それはもうひとり…ナマエさんと一緒に、僕についてきてくれた人。彼女もまた、僕たちに微笑んだ。
そして僕に歩み寄ってくる。
手を伸ばされて…そっと抱きしめられた。
え…っ
突然で僕は驚いた。
視界の端で、ナマエさんも少し驚いた顔をしていたのが見えた。
「リアルが、辛い?」
抱きしめられたまま、そう聞かれる。
ぽんぽん…と優しく頭を撫でられて、すぐにそっと解放された。
そして最後に一言。
「逃げても良いの」
「えっ…」
一言そう残し、不思議がる僕とナマエさんを残して…彼女は「じゃあね!」と手を振り、走って行った。
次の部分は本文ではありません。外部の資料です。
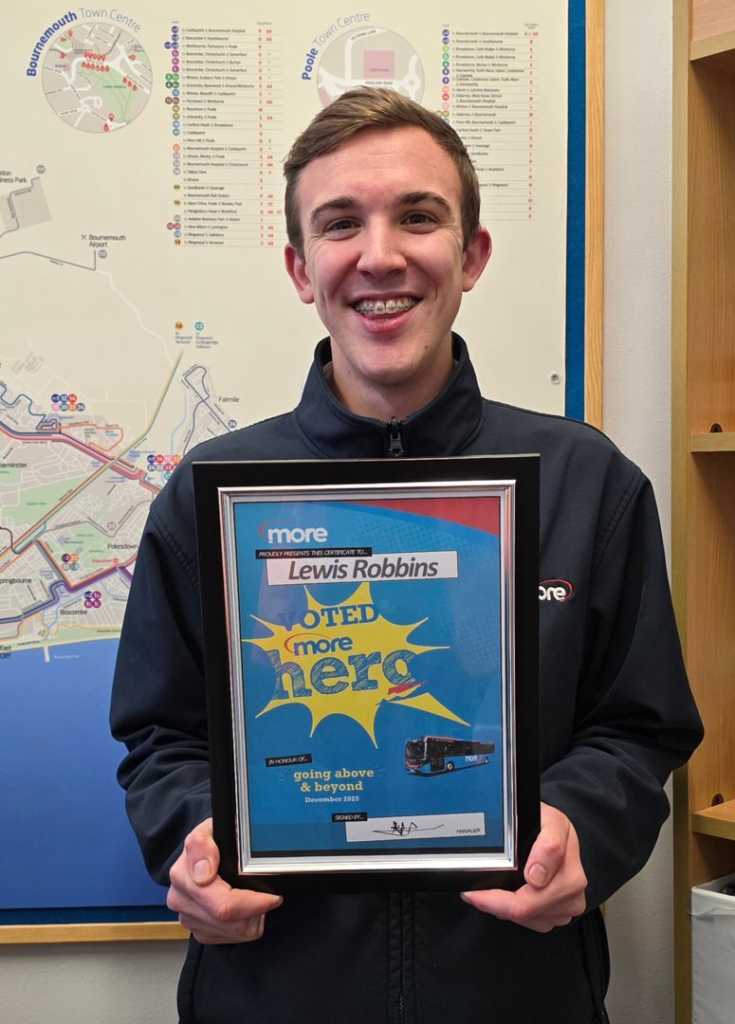 Lewis holding up his certificate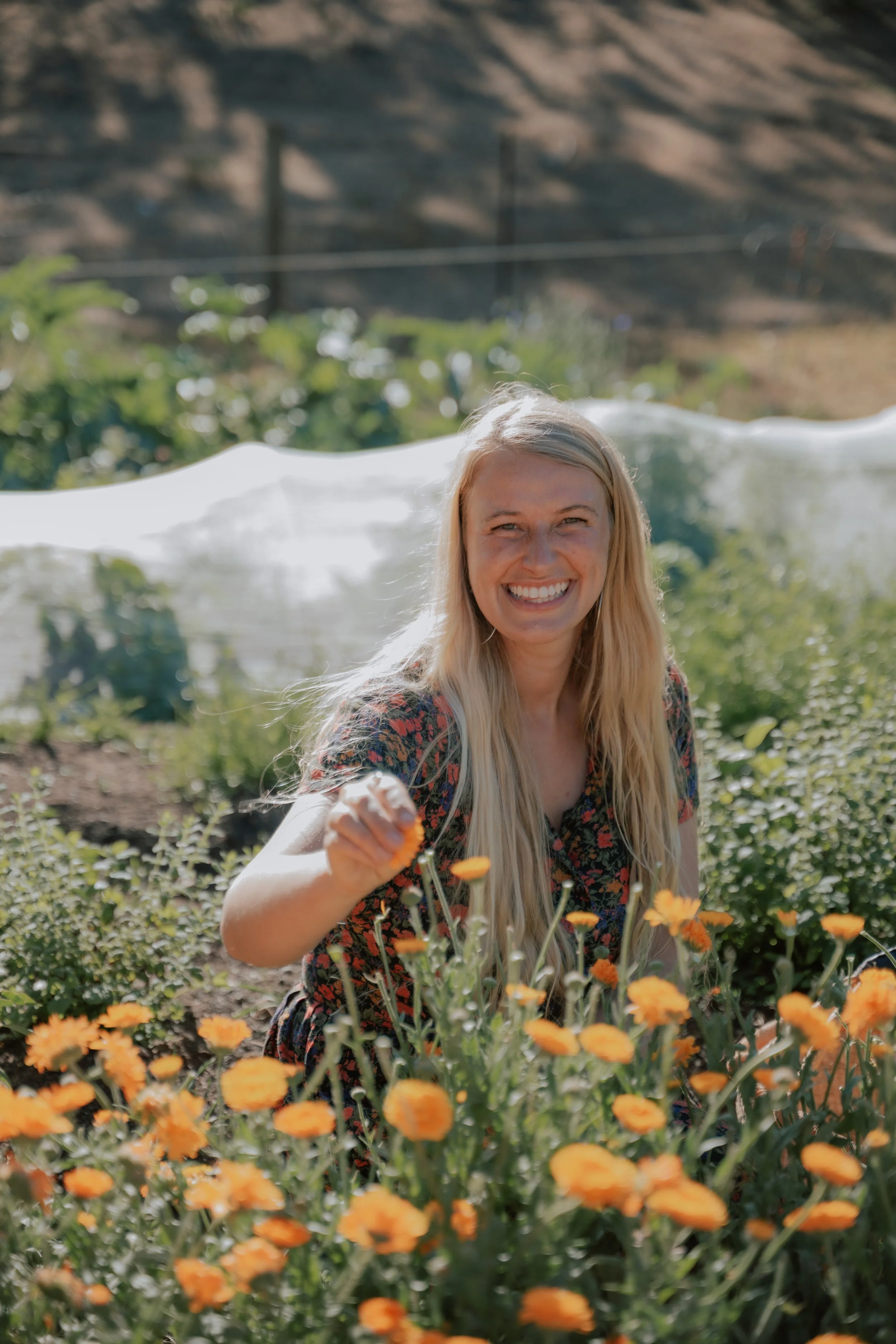 A smiling woman with long blonde hair in a garden surrounded by orange flowers, holding a flower in her hand.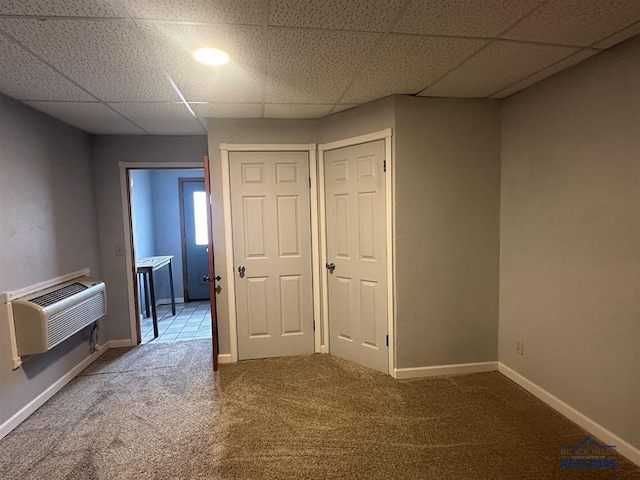 414 2nd Ave, Edgemont, SD 57735 - carpeted empty room with a paneled ceiling, an AC wall unit, and baseboards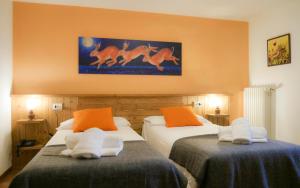 2 camas en una habitación de hotel con paredes de color naranja en Indren Hus, en Alagna Valsesia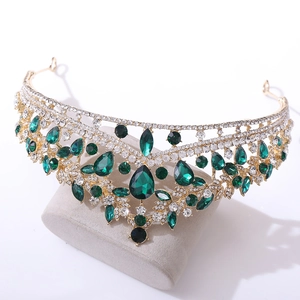 Detailed close-up of Baroque gold crown with emerald crystals and sparkling rhinestones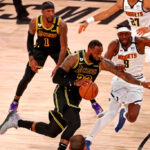 LeBron James driving against Jerami Grant in Lakers vs Nuggets game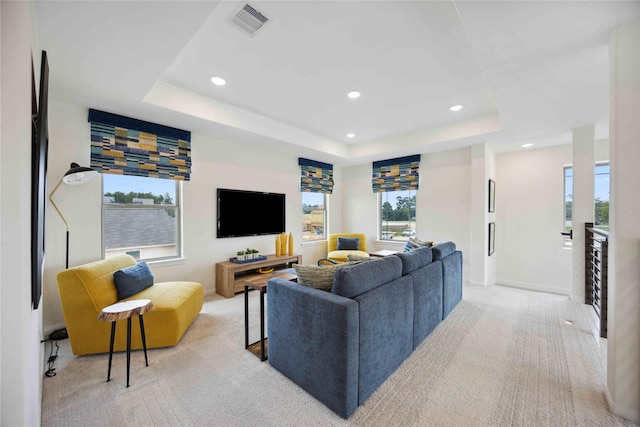 16800 Needlepoint Dr, Conroe, TX 77302 - living room featuring light carpet, plenty of natural light, recessed lighting, baseboards, and a raised ceiling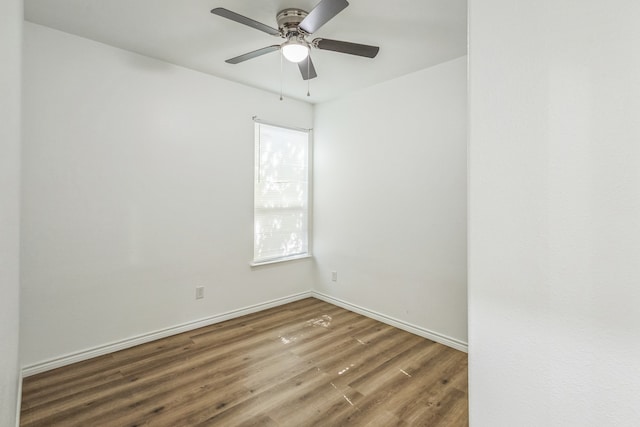 empty room with ceiling fan and dark hardwood / wood-style flooring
まるで風の様で、取り残された僕たちは少しだけ呆気にとられる。
だけどナマエさんは、最初こそ少し戸惑っていたけどすぐに先を見つめた。
「ええと…、とりあえず…追いかけて、みる…?」
「え?」
「うん…そうしよっか!」
「え!」
ナマエさんまで彼女を追って走り出してしまった。
「あ、待って!」
僕にはひとりになる勇気なんかない。
だから僕も慌てて駆け出した。
するとナマエさんは、僕の声に反応して一度振り返って足を止めてくれた。
「早く!行こう!」
「は、はい!」
そして僕が追いついたところで一緒に走り出した。
この時の僕は…きっと、この人の事を…心のどこかで頼りにしていたんだと、思う。
「あ。あれって?」
しばらく走って例の彼女に追いつくとナマエさんはその先に見えたひとつの集団を指さした。
その集団の中の一人。
エアバイクに乗る男を見つけた瞬間…僕は自分の中で、何かが沸き立つのを感じた。
「…あいつだ」
低く、呟いた。
あいつだった。
さっき、あいつが…母さんを乗せて…手を、放した。
確か名前は…スノウ。
「…ホープ?」
ナマエさんが僕にそっと声を掛けた。
一方で、もうひとりの彼女も。
「言いたいこと、あるんじゃないの?」
そう聞かれ、僕は頷いた。
それを見ると後押しするかのように、聞いてきた彼女は明るく手を握りしめた。
「じゃ、行こう!」
「え?!」
その言葉に声が上がった。
でも声を上げたのは、僕じゃなくてナマエさん。
ナマエさんは、目を瞬かせスノウと僕を見比べた。
「行こうって…、彼に?」
「……。」
僕を見つめるナマエさんの視線を感じながら、僕はまっすぐ奴を見ていた。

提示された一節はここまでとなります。